Un'altra sua significativa opera sono gli Exemplorum Libri, una raccolta di episodi aneddotici in cinque libri. Aulo Gellio e Carisio ne testimoniano l'esistenza.
Il De viris illustribus
Il De viris illustribus è una raccolta di biografie in sedici libri ripartiti in sezioni. Ci è pervenuto integralmente solo il libro dedicato ai condottieri stranieri (De excellentibus ducibus exterarum gentium), con le vite di:
- Temistocle
- Aristide
- Pausania
- Cimone
- Lisandro
- Alcibiade
- Trasibulo
- Conone
- Dione
- Ificrate
- Cabria
- Timoteo
- Datame
- Epaminonda
- Pelopida
- Agesilao
- Eumene
- Focione
- Timoleonte
- I Re (successori di Alessandro Magno)
- Amilcare Barca
- Annibale
Inoltre ci sono pervenute anche le vite di due storici romani: Marco Porcio Catone e Tito Pomponio Attico.
L'opera dipende molto dagli storici greci e da fonti spesso consultate troppo superficialmente dall'autore, così che sono presenti diversi errori. A Cornelio Nepote, tuttavia, va il merito di aver saputo costruire, pur non avendo ricreato il contesto storico in cui essi vissero, una serie di personaggi-protagonisti che esprimono le diverse finalità morali dell'autore. Infatti egli, come del resto quasi tutti gli storici latini, scrisse quasi sempre le sue opere per fini morali.
Lo scopo primario dell'opera era dunque quello di delineare tra vizi e virtù un esempio di vita partendo da una serie di personaggi sentiti ancora come esponenti di un grande passato, che l'autore seppe ricostruire a distanza di tempo, quando ormai le rivalità erano attenuate e influenzavano di meno il lavoro del biografo.
Soleva strutturare le biografie in base ad uno schema nel quale trattava: la nascita del personaggio, la famiglia, l'infanzia, l'educazione, i vizi, le virtù e le imprese, senza soffermarsi eccessivamente su queste ultime.
Stile
Lo stile di Cornelio Nepote era piano e lineare, talora molto semplice, nonostante lo scrittore avesse tentato di imitare quello più complesso dell'amico Cicerone. Il linguaggio è talvolta colorito da qualche arcaismo. A differenza di altri autori latini, infine, Nepote adopera frequentemente il comparativo di minoranza: presso i Romani, infatti, si tendeva ad evidenziare più l'abbondare di una qualità che la carenza.
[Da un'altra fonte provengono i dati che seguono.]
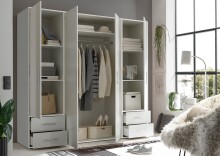Kleiderschrank >Valencia< (BxHxT: 206x195x60 cm) in Weiß - 206x195x60cm (BxHxT)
L'opera di Nepote non aspira alla ricerca di dati certi quanto ad uno scopo encomiastico di natura pedagogica: i personaggi vengono esaltati più per i loro vizi e virtù che per la loro importanza storica. Talvolta il linguaggio è monotono e le notizie sono schematiche e sommarie.
Lo stile essenziale di questo autore ha fatto sì che, a molti secoli dalla sua morte, egli sia uno degli autori più tradotti da chi si appresta a studiare in Latino, assieme a Cesare, Cicerone, Fedro, Valerio Massimo e Eutropio.